The Springboks are the Tri-Nations champions and all’s right with the world. Believe that and you’ll believe Kortbroek in an Afro wig. With two months left in the domestic season, the horse-trading for players has begun.
National coach Jake White wants his Springboks used sparingly in the Currie Cup, while the sweet sound of opening chequebooks is tempting players to migrate.
Marius Goosen has played his last game for the Pumas and with him on the plane to Italy goes, in all likelihood, that province’s chance of figuring in the Currie Cup semifinals. Corne Krige is already in Northampton while his fellow Stormer, Daan Human, will wait until the end of the season before joining Castres in France.
The Sharks have approached Bakkies Botha. His coach at the Bulls, Heyneke Meyer, has issued an ‘over my dead body†rebuke that would carry more weight were it not for the fact that his union is one of several in the market for the Sharks’s outstanding back-rower, Luke Watson. The days of one man, one province are long gone. Every man has his price and if he doesn’t like the offer but his province does, then tough.
Behind the scenes, things are even more interesting. The South African Rugby Football Union (Sarfu) recently released a statement alluding to the ongoing discussions about a broadcast deal for the Sanzar (South Africa, New Zealand and Australia) countries in 2005. The most interesting thing about the statement was that it said precisely nothing, a sure sign that the discussion is about politics, not rugby.
Sarfu president Brian van Rooyen has been quoted in typically bullish mood, saying that Supersport’s hegemony on live coverage must be stopped.
The SABC must show rugby, he says, but the national broadcaster’s head of sport, Mvuso Mbebe, has apparently demurred. So little does the SABC care for the oval ball game, in fact, that it has just cancelled its only outlet for it, The Rugga Show hosted by the estimable David O’Sullivan.
In the greater scheme of Sanzar things, however, these domestic squabbles are irrelevant. The executive has yet to reveal how much (or how little) they are likely to receive for their product after next year and even the apparent fait accompli of a Super 14 is still under discussion. That’s because there are greater games being played higher up.
Last month an unsolicited document was sent to interested rugby parties concerning the restructuring of rugby into a single, global season. It suggested an international competition made up of one franchise from each country, including such fringe nations as Canada and Japan. What it did not do was dare to suggest which season the games would be played in: northern or southern hemisphere?
Much of the document was pie in the sky daydreaming, but it succeeded in its intention of rattling a few cages. Less than 24 hours after it was sent, the International Rugby Football Board (IRB) issued a furious reminder that the author of the document has no standing in the hierarchy of the game.

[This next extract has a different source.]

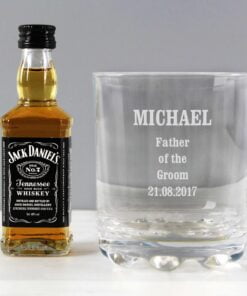 Personalised Tumbler and Whiskey Miniature Set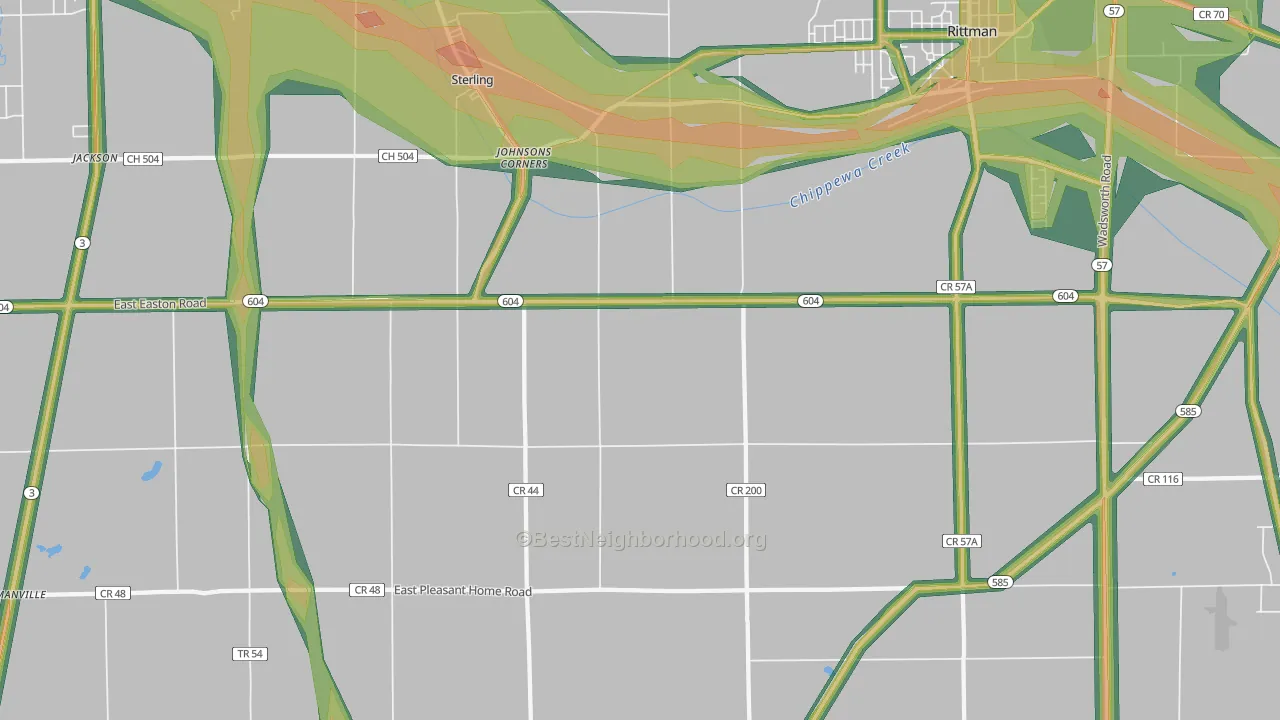 Sterling, OH Map of Noise Levels in Sterling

We were assured that the IRB has a working party looking into the issues of a global season and that, in the fullness of time, said party would deliver a report. Which hardly addressed one of the main concerns of the document, which was that someone had to make a decision now, not after Sanzar had signed a new five-year deal.
The eerie silence that has subsequently settled on the corridors of power suggests that the reason we have heard so little about the new Sanzar deal is that they are waiting for the IRB to make a move. If history teaches us anything, however, it is that the IRB is not a body replete with speed freaks, so eventually Sanzar will do their deal and the 2005 season will continue as planned.
In which case it is time we started to think long and hard about how the season is structured in South Africa. Van Rooyen has already backed down on his intention to give the Super 12 back to the provinces and part of the reason for that is a sea change in support locally.
Six years of regionalism has made the black Stormers brand far more seductive than that of its blue and white Western Province counterpart. Although it is true to say that the Bulls and Sharks have a brand that covers both the Super 12 and the Currie Cup, you only need to look at the attendance figures of the two competitions to see where the true balance of power lies.
Even through some desperate times, the South African public has been seduced by the Super 12, and a Super 14 will mean more home games and even less emphasis on the Currie Cup. In New Zealand, the nettle has been grasped already: no current All Blacks are permitted to play in the NPC.
It will be a brave politician who suggests a permanently Springbok-less Currie Cup, but who would ever have thought the Stormers would be more popular than WP?